Data under study:
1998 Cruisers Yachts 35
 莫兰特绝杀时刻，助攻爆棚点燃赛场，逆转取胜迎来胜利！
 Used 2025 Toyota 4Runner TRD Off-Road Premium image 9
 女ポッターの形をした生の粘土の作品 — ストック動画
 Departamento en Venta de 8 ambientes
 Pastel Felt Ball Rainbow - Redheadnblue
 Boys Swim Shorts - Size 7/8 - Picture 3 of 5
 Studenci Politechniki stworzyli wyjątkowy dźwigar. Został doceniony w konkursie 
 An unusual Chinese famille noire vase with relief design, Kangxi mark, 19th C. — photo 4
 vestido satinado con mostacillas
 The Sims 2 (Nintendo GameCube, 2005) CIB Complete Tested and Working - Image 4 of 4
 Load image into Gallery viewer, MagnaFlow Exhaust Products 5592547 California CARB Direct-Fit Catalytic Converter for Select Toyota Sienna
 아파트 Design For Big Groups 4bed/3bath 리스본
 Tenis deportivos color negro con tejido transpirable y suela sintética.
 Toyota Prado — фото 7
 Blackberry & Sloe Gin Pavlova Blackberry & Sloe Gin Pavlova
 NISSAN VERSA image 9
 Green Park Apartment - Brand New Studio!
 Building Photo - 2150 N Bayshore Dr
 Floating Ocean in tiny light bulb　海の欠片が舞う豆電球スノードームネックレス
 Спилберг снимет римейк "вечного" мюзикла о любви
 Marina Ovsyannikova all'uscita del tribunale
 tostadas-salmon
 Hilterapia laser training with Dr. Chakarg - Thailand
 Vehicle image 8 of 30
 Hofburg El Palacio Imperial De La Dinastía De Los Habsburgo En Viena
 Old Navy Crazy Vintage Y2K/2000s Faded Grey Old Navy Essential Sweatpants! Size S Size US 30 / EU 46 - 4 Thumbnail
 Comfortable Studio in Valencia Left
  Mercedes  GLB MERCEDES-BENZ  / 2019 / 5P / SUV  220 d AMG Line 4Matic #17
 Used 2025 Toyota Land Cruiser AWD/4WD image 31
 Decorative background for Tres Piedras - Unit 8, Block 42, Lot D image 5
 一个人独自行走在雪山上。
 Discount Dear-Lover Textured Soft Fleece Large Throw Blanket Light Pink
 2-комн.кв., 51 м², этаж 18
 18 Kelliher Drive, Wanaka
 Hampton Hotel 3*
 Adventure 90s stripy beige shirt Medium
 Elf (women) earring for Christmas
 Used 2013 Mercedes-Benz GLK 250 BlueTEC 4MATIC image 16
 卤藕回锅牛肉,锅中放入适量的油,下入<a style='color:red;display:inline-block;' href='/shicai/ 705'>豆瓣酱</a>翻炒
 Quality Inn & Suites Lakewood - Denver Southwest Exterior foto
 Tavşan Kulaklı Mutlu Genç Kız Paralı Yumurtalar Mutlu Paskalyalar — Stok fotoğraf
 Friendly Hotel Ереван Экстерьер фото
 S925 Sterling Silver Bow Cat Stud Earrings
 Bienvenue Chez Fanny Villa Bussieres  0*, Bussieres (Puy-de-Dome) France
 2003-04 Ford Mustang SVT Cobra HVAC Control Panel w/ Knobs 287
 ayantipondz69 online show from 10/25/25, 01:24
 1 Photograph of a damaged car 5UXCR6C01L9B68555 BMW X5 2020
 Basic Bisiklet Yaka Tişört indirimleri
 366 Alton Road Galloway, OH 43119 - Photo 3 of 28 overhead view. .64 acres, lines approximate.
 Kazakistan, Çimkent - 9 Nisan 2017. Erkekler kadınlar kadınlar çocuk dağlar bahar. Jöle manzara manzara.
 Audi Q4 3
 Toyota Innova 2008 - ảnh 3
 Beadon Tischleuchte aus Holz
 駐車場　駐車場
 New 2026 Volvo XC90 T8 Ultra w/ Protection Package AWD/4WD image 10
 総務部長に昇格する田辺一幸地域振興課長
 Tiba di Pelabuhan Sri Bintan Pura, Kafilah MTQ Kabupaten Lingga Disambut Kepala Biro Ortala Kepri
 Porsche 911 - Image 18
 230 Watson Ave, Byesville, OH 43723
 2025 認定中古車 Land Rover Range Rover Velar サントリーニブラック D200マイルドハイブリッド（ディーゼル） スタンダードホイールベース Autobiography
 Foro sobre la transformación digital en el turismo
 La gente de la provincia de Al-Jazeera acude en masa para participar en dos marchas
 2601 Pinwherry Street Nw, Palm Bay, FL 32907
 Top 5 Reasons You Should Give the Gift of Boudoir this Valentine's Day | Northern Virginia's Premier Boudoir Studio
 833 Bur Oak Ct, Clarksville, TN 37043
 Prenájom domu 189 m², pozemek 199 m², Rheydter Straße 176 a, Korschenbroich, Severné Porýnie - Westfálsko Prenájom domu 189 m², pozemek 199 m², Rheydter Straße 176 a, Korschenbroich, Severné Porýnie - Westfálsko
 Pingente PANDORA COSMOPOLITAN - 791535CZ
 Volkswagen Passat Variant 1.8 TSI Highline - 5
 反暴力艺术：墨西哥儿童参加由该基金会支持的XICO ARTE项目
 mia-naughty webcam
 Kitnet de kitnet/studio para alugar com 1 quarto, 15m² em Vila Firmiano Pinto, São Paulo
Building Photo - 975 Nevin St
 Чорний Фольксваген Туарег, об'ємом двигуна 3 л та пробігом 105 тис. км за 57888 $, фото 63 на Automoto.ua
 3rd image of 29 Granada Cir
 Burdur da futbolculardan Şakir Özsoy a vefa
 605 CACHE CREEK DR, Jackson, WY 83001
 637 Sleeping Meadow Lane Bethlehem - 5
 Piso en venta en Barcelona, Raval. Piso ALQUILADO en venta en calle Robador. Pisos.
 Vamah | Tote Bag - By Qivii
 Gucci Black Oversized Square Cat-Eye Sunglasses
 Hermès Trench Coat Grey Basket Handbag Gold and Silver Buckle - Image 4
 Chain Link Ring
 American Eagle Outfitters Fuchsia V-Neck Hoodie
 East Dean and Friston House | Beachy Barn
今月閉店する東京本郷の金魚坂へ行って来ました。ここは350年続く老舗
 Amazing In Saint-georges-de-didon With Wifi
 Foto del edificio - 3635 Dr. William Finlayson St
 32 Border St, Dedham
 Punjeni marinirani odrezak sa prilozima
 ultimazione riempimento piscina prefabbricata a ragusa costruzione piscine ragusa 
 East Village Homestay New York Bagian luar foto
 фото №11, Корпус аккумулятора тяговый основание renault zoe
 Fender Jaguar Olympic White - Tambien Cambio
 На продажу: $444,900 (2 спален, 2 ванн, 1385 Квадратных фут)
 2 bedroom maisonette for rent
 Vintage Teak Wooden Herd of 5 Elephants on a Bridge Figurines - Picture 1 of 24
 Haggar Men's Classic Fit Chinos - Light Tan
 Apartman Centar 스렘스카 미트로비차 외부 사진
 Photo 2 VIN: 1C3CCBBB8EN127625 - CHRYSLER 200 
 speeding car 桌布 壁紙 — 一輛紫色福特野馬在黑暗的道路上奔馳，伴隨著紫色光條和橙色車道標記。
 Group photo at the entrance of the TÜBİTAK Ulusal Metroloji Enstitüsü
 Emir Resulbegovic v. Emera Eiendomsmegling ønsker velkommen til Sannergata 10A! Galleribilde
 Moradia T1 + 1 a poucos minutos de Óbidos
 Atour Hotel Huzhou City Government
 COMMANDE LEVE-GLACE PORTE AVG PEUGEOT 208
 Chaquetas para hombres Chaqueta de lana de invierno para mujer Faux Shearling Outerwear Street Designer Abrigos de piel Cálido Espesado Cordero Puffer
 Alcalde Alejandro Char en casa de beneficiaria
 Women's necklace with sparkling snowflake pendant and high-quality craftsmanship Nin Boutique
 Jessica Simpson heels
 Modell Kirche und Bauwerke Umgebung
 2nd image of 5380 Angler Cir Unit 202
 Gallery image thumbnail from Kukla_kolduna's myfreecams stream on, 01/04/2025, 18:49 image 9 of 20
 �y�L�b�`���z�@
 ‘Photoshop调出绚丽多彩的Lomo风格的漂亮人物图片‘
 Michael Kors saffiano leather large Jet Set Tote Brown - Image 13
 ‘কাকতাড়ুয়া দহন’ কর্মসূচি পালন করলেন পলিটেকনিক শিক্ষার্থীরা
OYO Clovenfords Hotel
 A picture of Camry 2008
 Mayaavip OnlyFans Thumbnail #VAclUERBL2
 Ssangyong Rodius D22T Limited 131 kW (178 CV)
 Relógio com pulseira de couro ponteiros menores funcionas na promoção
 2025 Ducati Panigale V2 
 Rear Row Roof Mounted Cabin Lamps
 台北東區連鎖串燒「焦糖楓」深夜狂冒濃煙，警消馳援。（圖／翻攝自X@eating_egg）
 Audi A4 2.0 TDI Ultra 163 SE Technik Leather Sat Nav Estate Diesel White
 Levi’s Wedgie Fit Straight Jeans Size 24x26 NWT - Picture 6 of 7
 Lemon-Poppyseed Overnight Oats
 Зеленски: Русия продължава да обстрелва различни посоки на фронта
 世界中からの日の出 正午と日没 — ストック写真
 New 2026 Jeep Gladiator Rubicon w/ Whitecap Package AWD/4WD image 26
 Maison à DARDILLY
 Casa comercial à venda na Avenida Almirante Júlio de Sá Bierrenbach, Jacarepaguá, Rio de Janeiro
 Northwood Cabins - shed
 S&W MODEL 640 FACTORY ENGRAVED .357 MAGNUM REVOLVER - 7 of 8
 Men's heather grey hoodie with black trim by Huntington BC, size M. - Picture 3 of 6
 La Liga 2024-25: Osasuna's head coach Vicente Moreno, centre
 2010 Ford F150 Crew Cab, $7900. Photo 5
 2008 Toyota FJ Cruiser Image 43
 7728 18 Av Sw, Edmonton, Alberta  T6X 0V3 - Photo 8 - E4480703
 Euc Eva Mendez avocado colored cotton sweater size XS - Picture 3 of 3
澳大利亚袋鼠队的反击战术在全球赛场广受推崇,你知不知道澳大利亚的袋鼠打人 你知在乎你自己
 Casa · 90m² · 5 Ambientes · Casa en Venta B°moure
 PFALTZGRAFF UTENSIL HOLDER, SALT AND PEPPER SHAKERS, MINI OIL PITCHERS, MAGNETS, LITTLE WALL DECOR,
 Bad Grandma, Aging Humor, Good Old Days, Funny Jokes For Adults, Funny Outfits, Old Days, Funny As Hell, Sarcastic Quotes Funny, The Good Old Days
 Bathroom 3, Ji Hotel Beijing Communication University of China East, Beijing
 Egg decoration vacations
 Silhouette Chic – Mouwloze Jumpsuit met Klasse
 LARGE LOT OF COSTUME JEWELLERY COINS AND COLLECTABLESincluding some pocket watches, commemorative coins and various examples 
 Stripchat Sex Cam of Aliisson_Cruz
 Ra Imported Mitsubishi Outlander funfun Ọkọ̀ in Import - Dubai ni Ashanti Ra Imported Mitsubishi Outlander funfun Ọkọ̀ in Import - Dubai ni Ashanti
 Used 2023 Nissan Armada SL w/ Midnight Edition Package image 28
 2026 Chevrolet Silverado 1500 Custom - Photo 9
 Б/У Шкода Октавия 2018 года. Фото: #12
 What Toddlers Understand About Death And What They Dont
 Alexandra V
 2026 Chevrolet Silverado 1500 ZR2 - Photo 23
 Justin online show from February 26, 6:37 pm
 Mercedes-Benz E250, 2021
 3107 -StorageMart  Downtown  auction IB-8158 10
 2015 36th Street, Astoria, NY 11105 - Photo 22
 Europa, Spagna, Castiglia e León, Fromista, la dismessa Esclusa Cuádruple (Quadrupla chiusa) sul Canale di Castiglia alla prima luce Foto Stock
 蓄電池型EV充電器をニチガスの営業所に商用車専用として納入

Your assignment:
Take the lines from the top of the data through the one that contains "tostadas-salmon" and copy them exactly, leaving out every line after it.

Answer box:
1998 Cruisers Yachts 35
 莫兰特绝杀时刻，助攻爆棚点燃赛场，逆转取胜迎来胜利！
 Used 2025 Toyota 4Runner TRD Off-Road Premium image 9
 女ポッターの形をした生の粘土の作品 — ストック動画
 Departamento en Venta de 8 ambientes
 Pastel Felt Ball Rainbow - Redheadnblue
 Boys Swim Shorts - Size 7/8 - Picture 3 of 5
 Studenci Politechniki stworzyli wyjątkowy dźwigar. Został doceniony w konkursie 
 An unusual Chinese famille noire vase with relief design, Kangxi mark, 19th C. — photo 4
 vestido satinado con mostacillas
 The Sims 2 (Nintendo GameCube, 2005) CIB Complete Tested and Working - Image 4 of 4
 Load image into Gallery viewer, MagnaFlow Exhaust Products 5592547 California CARB Direct-Fit Catalytic Converter for Select Toyota Sienna
 아파트 Design For Big Groups 4bed/3bath 리스본
 Tenis deportivos color negro con tejido transpirable y suela sintética.
 Toyota Prado — фото 7
 Blackberry & Sloe Gin Pavlova Blackberry & Sloe Gin Pavlova
 NISSAN VERSA image 9
 Green Park Apartment - Brand New Studio!
 Building Photo - 2150 N Bayshore Dr
 Floating Ocean in tiny light bulb　海の欠片が舞う豆電球スノードームネックレス
 Спилберг снимет римейк "вечного" мюзикла о любви
 Marina Ovsyannikova all'uscita del tribunale
 tostadas-salmon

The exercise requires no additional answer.